Title - The Incredible Shrinking Dickies
Artist - The Dickies
Released in 1978 this was the debut album by madcap American punks The Dickies and it reached No.18 in the UK national charts during a five month run in the Top 40.
Available now on stand-alone CD in a slip case, six bonus tracks have been added and the album includes the National Chart hit singles ‘Silent Night’ (No.47), ‘Banana Splits’ (No.7) and ‘Paranoid’ (No.45).

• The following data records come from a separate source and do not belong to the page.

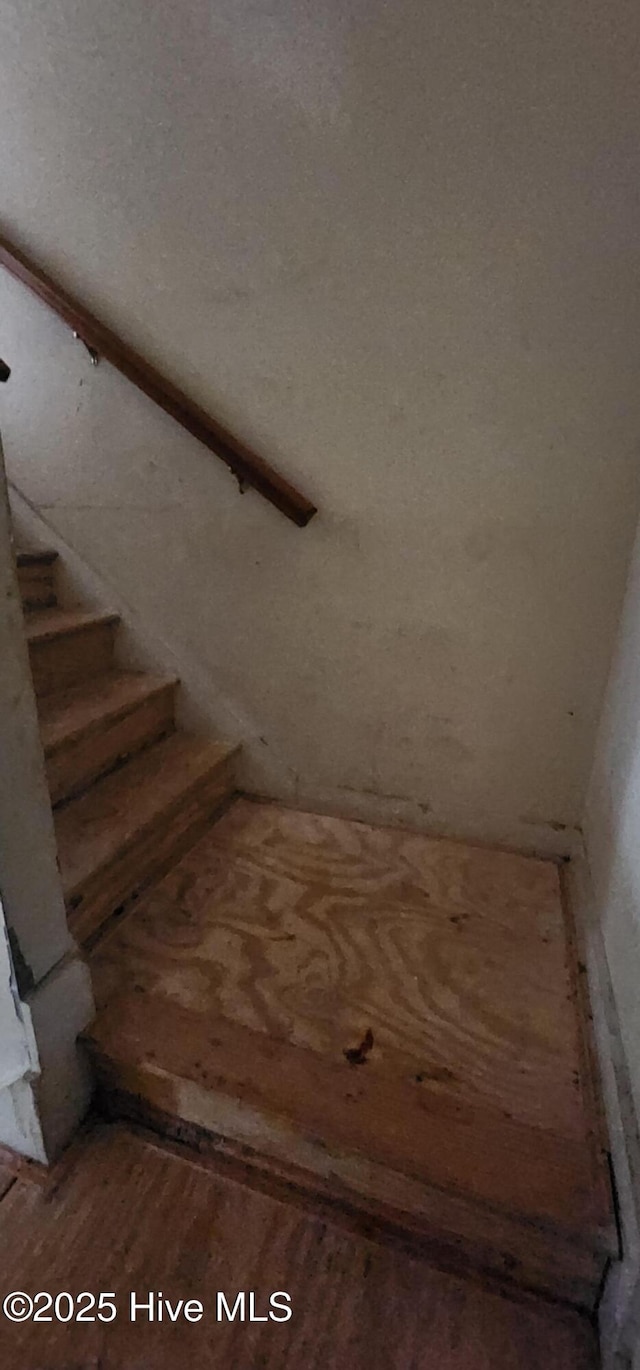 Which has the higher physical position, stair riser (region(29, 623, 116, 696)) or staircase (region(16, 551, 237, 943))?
stair riser (region(29, 623, 116, 696))

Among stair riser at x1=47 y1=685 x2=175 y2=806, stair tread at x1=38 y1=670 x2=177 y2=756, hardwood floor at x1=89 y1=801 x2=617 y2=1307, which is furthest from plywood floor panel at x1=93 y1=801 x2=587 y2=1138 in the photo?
stair tread at x1=38 y1=670 x2=177 y2=756

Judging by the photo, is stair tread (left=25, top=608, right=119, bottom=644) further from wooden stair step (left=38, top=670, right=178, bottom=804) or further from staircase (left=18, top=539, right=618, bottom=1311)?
wooden stair step (left=38, top=670, right=178, bottom=804)

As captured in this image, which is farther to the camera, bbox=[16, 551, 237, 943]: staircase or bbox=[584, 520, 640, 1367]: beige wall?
bbox=[16, 551, 237, 943]: staircase

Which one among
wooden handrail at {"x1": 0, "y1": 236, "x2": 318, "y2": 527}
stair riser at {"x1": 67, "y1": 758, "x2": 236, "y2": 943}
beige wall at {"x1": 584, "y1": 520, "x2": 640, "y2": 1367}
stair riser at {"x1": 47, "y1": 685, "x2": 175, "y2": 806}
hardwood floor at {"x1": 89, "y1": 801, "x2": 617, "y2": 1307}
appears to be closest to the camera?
beige wall at {"x1": 584, "y1": 520, "x2": 640, "y2": 1367}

It also comes with a booklet including lyrics to all the songs plus repros of sleeves and memorabilia from the time and original vocalist Leonard Graves Phillips and guitarist Stan Lee still lead The Dickies to this very day.
1. GIVE IT BACK
2. POODLE PARTY
3. PARANOID
4. SHE
5. SHADOW MAN
6. MENTAL WARD
7. EVE OF DESTRUCTION
8. YOU DRIVE ME APE (YOU BIG GORILLA)
9. WATERSLIDE
10. WALK LIKE AN EGG
11. CURB JOB
12. SHAKE & BAKE
13. RONDO (THE MIDGETS REVENGE)
14. I’M OK YOU’RE OK [Bonus Track]
15. SILENT NIGHT [Bonus Track]
16. THE SOUND OF SILENCE [Bonus Track]
17. BANANA SPLITS (THE TRA LA LA SONG) [Bonus Track]
The USA’s The Dickies were a clone of The Stooges, The Clash and the Buzzcocks, which was never going to be a bad thing musically, and which they brought to the fore brilliantly on their 1979 debut, The Incredible Shrinking Dickies.
A standard power-chord affair with a fanfare-like intro and various parody elements, their monster hit was a cover of the 1968 pop theme song for the children’s television program The Banana Splits, the exhilarating The Tra La La Song (One Banana, Two Banana), which is included here as a bonus track.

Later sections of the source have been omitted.